Data items:
==============================
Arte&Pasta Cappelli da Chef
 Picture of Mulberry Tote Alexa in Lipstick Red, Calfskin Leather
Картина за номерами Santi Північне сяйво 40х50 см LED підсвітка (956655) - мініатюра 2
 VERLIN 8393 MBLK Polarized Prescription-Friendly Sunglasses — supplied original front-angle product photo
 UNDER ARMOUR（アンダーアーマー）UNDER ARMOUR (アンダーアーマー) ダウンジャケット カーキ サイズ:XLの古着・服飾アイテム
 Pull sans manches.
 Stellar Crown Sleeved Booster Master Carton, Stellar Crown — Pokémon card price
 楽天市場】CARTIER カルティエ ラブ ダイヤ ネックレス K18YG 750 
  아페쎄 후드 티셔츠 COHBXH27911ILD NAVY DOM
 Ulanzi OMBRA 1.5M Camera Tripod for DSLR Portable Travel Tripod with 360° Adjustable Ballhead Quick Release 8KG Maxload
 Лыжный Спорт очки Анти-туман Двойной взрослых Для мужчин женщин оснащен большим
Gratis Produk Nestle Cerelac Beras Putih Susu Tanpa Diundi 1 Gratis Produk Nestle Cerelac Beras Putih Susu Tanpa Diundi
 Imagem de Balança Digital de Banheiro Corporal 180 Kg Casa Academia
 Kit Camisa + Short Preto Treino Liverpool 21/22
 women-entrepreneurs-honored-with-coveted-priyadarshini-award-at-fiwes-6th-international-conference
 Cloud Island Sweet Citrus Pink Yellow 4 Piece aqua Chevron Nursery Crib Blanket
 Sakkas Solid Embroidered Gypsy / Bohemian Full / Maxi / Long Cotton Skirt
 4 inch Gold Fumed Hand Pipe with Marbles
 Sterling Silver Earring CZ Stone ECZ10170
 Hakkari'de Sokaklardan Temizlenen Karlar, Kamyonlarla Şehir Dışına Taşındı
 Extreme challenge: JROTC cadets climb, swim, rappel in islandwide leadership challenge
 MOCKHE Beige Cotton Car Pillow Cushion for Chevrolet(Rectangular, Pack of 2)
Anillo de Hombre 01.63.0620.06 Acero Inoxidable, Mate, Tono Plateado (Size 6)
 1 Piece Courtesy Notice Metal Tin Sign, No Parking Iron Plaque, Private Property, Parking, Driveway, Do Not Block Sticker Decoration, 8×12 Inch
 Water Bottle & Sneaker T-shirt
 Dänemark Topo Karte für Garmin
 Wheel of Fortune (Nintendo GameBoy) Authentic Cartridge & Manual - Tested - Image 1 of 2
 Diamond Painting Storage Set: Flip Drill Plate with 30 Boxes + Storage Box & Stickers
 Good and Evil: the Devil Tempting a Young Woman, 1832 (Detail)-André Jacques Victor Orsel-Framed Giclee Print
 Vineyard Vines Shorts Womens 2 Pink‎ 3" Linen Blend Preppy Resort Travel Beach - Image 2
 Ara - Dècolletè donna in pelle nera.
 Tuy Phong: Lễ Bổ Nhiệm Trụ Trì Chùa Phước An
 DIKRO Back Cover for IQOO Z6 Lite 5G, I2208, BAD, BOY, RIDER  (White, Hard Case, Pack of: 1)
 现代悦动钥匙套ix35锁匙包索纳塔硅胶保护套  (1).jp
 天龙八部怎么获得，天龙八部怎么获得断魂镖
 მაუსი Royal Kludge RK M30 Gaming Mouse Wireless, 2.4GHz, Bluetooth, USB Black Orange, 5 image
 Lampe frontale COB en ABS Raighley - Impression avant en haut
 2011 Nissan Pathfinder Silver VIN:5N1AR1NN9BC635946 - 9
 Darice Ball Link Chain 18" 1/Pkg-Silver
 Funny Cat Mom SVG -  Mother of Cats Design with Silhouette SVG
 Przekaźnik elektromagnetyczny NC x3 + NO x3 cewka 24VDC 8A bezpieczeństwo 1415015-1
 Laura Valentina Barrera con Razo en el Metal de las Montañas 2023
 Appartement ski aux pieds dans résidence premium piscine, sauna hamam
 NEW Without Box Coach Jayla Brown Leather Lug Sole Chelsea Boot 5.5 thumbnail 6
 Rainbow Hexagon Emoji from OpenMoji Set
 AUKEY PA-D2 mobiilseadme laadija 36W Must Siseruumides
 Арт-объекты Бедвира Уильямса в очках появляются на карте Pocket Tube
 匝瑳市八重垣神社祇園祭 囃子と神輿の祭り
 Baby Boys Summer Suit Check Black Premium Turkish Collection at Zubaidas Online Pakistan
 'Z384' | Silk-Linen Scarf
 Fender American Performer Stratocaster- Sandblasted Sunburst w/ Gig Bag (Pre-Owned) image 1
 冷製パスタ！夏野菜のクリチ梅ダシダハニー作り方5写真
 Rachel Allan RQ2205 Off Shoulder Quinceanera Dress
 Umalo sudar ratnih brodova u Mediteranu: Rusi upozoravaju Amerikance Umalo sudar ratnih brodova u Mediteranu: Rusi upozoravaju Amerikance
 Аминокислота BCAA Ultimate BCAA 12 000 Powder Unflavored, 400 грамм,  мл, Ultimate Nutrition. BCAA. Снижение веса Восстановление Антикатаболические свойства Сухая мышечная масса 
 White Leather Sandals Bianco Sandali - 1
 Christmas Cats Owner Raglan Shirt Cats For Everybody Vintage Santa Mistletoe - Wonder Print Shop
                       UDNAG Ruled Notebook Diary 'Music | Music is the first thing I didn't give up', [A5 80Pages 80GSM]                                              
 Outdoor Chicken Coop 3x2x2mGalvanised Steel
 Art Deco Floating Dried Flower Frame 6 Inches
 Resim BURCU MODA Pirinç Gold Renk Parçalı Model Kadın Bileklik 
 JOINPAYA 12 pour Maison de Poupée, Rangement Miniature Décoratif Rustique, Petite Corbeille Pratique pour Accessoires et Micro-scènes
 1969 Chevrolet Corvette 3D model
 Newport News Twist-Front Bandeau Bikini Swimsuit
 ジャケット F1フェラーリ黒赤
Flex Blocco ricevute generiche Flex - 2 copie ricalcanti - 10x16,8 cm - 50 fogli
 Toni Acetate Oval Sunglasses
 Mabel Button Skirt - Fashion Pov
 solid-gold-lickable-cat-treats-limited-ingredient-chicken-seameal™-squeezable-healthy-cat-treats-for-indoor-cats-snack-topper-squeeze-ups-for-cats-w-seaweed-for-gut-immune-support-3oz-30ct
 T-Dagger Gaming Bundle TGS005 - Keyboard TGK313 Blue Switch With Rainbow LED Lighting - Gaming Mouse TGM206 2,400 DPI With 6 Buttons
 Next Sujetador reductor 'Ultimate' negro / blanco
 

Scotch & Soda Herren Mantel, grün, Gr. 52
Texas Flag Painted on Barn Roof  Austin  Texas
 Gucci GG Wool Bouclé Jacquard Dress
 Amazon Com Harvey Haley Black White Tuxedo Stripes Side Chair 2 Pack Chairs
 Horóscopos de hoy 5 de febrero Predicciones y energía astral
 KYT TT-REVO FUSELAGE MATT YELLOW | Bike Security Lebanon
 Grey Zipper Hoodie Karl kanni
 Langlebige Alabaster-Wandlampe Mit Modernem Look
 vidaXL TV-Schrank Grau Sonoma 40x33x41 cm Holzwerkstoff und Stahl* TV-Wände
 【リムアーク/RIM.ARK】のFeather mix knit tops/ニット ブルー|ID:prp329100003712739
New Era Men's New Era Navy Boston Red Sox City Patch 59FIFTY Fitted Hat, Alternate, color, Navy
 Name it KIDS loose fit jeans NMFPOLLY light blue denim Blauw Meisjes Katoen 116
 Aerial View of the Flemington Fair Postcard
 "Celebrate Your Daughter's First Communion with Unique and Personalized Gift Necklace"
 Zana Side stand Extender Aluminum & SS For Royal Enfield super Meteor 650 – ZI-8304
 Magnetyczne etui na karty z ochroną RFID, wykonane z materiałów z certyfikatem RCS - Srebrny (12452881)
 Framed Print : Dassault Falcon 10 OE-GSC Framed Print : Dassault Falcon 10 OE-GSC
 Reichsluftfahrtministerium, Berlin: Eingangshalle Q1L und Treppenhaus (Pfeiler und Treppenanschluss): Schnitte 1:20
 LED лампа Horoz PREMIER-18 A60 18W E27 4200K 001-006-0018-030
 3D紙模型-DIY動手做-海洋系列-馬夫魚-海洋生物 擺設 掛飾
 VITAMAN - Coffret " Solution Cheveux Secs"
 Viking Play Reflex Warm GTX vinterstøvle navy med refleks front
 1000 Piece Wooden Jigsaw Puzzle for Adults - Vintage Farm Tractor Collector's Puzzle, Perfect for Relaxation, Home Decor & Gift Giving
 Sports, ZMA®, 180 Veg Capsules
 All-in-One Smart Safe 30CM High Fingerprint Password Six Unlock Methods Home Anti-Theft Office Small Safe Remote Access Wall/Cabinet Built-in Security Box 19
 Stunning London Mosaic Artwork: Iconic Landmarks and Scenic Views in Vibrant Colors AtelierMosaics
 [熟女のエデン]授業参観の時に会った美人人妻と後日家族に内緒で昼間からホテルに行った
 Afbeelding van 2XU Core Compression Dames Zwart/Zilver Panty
==============================
The response must hold only the lines above from the line with "Name it KIDS" through the line with "Zana Side stand", each copied exactly, both ends kept.

 Name it KIDS loose fit jeans NMFPOLLY light blue denim Blauw Meisjes Katoen 116
 Aerial View of the Flemington Fair Postcard
 "Celebrate Your Daughter's First Communion with Unique and Personalized Gift Necklace"
 Zana Side stand Extender Aluminum & SS For Royal Enfield super Meteor 650 – ZI-8304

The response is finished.